La vénerie est un art français, et les chiens dont on faisait usage autrefois étaient fort renommés. Les principales races sont, d’après le Nouveau Traité des Chasses, les chiens de Bresse, les griffons de Vendée, les chiens de Gascogne, les chiens de Saintonge, les chiens normands, les chiens du Poitou, les chiens céris, les chiens d’Artois et les chiens bleus, dits foudras. Toutes ces races ont des qualités spéciales et sont parfaitement appropriées au pays qui les ont produites ; il est toutefois très rare de les rencontrer pures, car dès le XVIIe siècle on les a mélangées de sang anglais. Les chiens français en général ont une belle gorge, mais ils chassent lentement, et souvent mettent dix heures à forcer un cerf. C’est pour ce motif qu’on a eu recours aux races d’outre-Manche, qui sont beaucoup plus rapides, mais qui ont l’inconvénient d’avoir très peu de voix. Aujourd’hui, quand la chasse marche bien, une meute de bâtards anglais force le cerf en trois quarts d’heure. Aux dernières expositions canines, on a pu voir quelques belles meutes de chiens français, notamment celles de M. Le Coulteux de Canteleu et de M. de Carayon-Latour ; mais les meutes de chiens anglais ou bâtards anglais étaient en majorité. On cite notamment comme très remarquables celles de M. le comte d’Osmond, celle de M. Simons, celle de M. de La Rochefoucauld, celle de M. de La Debutrie, etc.

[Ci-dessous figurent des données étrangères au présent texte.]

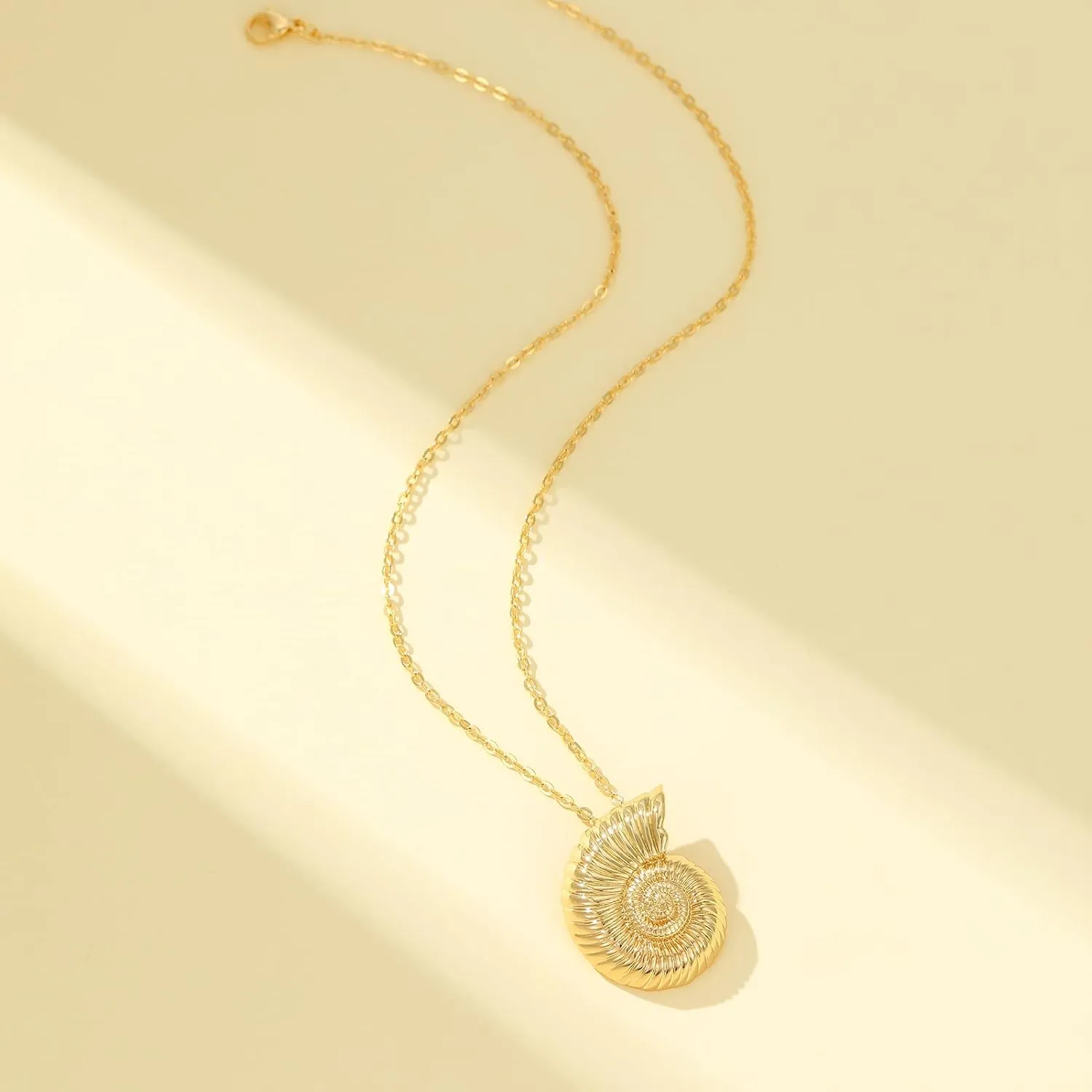Shell Seashell Necklace for Women,Chunky Gold Beach Conch Shell Necklaces Gifts for Women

Mais une meute ne suffit pas pour former un équipage de chasse à courre, il faut encore des chevaux et des hommes. Pour les premiers, on en trouve toujours dès qu’on y met le prix. Les pur-sang anglais sont préférés, surtout dans les forêts de plaine, car ils ont plus de fond et des allures plus élastiques que les chevaux français ; cependant beaucoup de chasseurs aujourd’hui adoptent l’anglo-normand comme ayant un meilleur caractère et exigeant moins de soins. Dans les terrains accidentés, il vaut toujours mieux prendre des chevaux du pays, qui sont acclimatés et dont le pied est façonné aux mouvemens du sol. Quant aux hommes, d’un aveu général, il est impossible d’en trouver qui, comme les anciens piqueurs, soient dévoués à leurs maîtres et se fassent un point d’honneur de mener leurs chasses à bonne fin. Aujourd’hui ils changent d’équipage à tout propos et servent de préférence, non pas le maître qui chasse le mieux et qui a la meilleure meute, mais celui qui paie le plus et qui s’y entend le moins, auquel par conséquent il est le plus facile d’en imposer.